Wyprowadził tysiące ludzi na ulice. Zapowiada kolejny protest

28 maja mieszkańcy Moskwy protestowali przeciwko programowi wyburzania domów z lat 50. i 60. ubiegłego wieku. Policja zmusiła Nawalnego, by opuścił wiec
Protesty przed siedzibą FSB na Łubiance
Źródło: Google Earth
Aleksiej Nawalny, jeden z liderów rosyjskiej opozycji, zgłosił władzom Moskwy zamiar przeprowadzenia wiecu 12 czerwca. Przypada wówczas święto państwowe, Dzień Rosji. W marcu Nawalny zorganizował wielotysięczne protesty przeciwko korupcji, podczas których policja zatrzymała ponad tysiąc osób.

Aleksiej Nawalny na swojej stronie internetowej opublikował zawiadomienie o przeprowadzeniu zgromadzenia publicznego. Opozycjonista napisał, że zgromadzenie dotyczy "wystąpienia z poparciem żądań zbadania faktów korupcji wśród wyższych osób urzędowych" w państwie.

Wniosek złożony do stołecznego ratusza zapowiada przemarsz przez centralną arterię - ulicę Twerską, a także udział do 15 tysięcy osób w zgromadzeniu.

Zapowiedzi otwarcia sztabu

Nawalny poinformował również o składaniu analogicznych zgłoszeń do władz lokalnych w innych miastach Rosji. Opozycjonista zapowiedział, że jeśli władze "odmawiają realizowania naszych konstytucyjnych praw, to działamy zgodnie z prawem: i tak idziemy".

Merostwo Moskwy potwierdziło otrzymanie zgłoszenia i poinformowało o zamiarze udzielenia odpowiedzi w przewidzianym prawem terminie trzech dni.

Współpracownicy Nawalnego oświadczyli także w poniedziałek, że 12 czerwca odbędzie się "na ulicy" otwarcie w Moskwie sztabu wyborczego polityka.

Nawalny ogłosił wcześniej, że zamierza kandydować w wyborach prezydenckich w marcu przyszłego roku. Tymczasem na opozycjoniście ciąży prawomocny wyrok sądowy, co zgodnie z ordynacją wyborczą uniemożliwia mu start w wyborach.

Wielotysięczne protesty

26 marca w kilkudziesięciu miastach Rosji odbyły się protesty przeciw korupcji.

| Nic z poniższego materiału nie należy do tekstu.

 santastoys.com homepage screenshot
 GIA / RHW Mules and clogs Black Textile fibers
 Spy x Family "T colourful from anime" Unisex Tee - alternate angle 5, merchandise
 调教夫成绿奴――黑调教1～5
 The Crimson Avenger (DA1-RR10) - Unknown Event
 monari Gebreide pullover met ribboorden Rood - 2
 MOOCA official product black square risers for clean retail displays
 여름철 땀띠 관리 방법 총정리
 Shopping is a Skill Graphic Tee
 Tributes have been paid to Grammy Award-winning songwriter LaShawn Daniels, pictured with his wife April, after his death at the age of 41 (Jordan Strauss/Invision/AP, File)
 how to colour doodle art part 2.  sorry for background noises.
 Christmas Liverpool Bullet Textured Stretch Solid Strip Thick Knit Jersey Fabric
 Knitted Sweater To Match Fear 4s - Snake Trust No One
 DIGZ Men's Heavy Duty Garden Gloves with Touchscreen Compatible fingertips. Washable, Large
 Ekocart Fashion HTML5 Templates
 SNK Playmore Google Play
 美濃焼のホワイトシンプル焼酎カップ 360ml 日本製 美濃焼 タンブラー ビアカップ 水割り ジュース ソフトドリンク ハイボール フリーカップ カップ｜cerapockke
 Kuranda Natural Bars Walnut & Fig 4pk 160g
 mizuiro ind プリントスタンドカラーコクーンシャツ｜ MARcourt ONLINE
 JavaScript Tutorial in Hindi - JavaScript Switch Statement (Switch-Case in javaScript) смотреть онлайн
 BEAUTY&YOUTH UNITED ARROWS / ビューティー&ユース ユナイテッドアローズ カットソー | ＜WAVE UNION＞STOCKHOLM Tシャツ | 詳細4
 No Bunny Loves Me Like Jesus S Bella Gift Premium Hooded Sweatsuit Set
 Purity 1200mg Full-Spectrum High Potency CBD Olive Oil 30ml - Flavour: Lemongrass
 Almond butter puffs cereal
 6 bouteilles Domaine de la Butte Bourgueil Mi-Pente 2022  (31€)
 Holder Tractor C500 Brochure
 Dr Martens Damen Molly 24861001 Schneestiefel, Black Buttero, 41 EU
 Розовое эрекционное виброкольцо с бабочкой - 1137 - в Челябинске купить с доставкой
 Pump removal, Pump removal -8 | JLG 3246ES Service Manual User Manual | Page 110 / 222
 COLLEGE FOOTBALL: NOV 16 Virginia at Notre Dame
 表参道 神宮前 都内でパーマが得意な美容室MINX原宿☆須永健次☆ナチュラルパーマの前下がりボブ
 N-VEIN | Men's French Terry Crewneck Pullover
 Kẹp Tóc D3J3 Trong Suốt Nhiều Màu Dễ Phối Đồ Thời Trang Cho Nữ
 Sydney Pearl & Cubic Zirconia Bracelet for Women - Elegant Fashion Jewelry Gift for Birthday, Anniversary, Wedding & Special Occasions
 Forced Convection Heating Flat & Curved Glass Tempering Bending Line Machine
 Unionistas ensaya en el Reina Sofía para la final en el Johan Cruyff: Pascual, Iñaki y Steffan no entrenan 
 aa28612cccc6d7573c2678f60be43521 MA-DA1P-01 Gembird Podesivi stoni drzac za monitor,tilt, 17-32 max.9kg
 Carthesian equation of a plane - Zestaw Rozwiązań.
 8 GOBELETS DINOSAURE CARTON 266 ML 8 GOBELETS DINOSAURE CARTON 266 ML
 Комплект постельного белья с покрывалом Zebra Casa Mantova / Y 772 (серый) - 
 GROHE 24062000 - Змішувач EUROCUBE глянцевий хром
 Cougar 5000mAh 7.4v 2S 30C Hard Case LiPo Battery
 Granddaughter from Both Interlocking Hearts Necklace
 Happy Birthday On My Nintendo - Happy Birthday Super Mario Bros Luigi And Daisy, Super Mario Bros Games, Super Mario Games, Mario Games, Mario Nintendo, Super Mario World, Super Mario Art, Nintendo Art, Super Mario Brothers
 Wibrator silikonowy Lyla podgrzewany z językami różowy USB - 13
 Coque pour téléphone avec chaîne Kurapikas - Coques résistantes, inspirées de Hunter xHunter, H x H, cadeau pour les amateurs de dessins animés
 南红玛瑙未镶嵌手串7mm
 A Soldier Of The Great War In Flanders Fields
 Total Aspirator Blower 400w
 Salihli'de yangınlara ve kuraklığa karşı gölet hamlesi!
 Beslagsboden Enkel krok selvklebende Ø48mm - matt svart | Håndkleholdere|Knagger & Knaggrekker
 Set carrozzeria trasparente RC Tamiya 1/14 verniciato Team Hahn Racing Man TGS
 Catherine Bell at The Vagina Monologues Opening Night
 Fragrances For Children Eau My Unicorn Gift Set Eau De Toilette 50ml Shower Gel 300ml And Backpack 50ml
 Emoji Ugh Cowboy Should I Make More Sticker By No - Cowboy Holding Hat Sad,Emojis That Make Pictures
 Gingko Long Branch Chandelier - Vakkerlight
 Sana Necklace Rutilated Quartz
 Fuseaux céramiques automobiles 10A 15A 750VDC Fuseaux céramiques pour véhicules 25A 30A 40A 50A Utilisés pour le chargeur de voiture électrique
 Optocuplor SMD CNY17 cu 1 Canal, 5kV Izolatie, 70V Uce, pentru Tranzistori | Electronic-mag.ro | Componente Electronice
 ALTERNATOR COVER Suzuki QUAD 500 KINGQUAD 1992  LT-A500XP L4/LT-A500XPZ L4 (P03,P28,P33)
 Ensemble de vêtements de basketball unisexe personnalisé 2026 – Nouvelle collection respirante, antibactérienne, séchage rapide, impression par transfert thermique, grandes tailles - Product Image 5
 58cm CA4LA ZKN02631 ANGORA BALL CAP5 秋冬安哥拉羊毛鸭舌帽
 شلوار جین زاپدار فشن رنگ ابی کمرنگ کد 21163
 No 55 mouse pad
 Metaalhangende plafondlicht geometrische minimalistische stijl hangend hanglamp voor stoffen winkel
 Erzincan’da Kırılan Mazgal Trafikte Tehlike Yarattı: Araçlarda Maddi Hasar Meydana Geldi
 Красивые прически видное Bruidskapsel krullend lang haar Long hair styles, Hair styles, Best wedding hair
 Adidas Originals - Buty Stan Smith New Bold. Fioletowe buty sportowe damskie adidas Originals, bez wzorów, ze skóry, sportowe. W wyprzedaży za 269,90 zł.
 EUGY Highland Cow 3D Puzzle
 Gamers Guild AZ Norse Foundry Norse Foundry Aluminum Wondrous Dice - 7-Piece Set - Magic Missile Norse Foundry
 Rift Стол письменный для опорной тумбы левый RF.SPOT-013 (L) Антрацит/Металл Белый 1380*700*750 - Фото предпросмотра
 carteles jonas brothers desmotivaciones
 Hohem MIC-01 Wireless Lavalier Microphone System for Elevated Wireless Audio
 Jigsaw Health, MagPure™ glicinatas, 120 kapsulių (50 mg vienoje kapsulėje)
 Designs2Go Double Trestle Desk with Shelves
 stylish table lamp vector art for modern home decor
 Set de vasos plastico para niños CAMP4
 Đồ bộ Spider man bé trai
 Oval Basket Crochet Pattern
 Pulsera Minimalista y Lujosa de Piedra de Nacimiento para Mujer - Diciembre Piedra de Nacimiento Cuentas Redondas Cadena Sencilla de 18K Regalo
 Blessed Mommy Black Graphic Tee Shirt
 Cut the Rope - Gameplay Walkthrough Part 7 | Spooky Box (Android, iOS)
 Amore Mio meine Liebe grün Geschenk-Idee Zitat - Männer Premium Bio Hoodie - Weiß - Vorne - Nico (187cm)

Nawalny wezwał do nich po opublikowaniu materiału śledczego o domniemanym ukrytym majątku premiera Dmitrija Miedwiediewa.

W niektórych miastach władze zezwoliły na demonstracje, gdzie indziej - jak w Moskwie - protesty odbyły się bez zezwolenia. Liczbę demonstrujących w stolicy współpracownicy Nawalnego szacowali na 25-30 tysięcy ludzi. Policja zatrzymała wówczas ponad tysiąc osób.

Zatrzymani byli karani administracyjnie, wszczęto też postępowania karne, w których dotąd dwie osoby zostały skazane na kary pozbawienia wolności za użycie przemocy wobec policjanta.